La prednisolone PO (1 mg/kg/jour en une prise) est fréquemment associée pendant toute la durée du traitement.

La toxicité du mélarsoprol est importante : encéphalopathie réactionnelle (coma ou convulsions répétées ou prolongées) chez 5-10% des patients, létale dans 50% des cas ; neuropathies périphériques, diarrhées invasives, éruptions cutanées sévères, phlébites, etc.

THA à T.b. rhodesiense :

mélarsoprol IV lente stricte

Enfant et adulte : 3,6 mg/kg/jour en une injection, 3 à 4 séries de 3 à 4 injections avec un intervalle de 7 à 10 jours entre chaque série

Traitement chez la femme enceinte :

Tous les trypanocides sont toxiques pour la mère et l’enfant (risque d’avortement, de malformation).

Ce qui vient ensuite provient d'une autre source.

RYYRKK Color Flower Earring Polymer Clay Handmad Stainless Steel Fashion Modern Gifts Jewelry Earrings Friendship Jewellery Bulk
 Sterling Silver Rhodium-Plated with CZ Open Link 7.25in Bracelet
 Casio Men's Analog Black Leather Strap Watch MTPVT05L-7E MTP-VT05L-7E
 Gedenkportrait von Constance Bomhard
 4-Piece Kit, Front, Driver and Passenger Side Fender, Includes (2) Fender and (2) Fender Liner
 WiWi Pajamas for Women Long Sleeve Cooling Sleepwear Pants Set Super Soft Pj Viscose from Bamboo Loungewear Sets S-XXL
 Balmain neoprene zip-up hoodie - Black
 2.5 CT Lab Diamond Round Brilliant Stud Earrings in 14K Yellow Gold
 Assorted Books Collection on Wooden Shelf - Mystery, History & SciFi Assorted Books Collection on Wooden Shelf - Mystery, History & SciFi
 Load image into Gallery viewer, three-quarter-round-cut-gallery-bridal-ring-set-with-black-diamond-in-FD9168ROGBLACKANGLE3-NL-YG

Cependant, en raison du risque vital pour la mère et du risque de transmission in utero, le traitement doit être instauré selon les protocoles suivants :

En phase lymphatico-sanguine :

pentamidine en cas de T.b. gambiense dès 2e trimestre et suramine en cas de T.b. rhodesiense.

En phase méningo-encéphalitique, le traitement dépend de l’état général de la mère :

– Si le pronostic vital est immédiatement menacé : éflornithine ou mélarsoprol sans attendre la fin de la grossesse.

– Si le pronostic vital n’est pas immédiatement menacé : pentamidine en cas de T.b. gambiense et suramine en cas de T.b. rhodesiense. Le traitement par éflornithine ou mélarsoprol sera réalisé après l’accouchement.

Prévention et contrôle :

– Protection individuelle contre les piqûres de glossines : vêtements couvrants, répellents, évitement des zones à risques (p. ex. : bords des rivières).

– Contrôle de la maladie : dépistage de masse et traitement des malades (T. b. gambiense), traitement trypanocide du bétail (T. b. rhodesiense), lutte antivectorielle par piégeage ou épandage d’insecticides.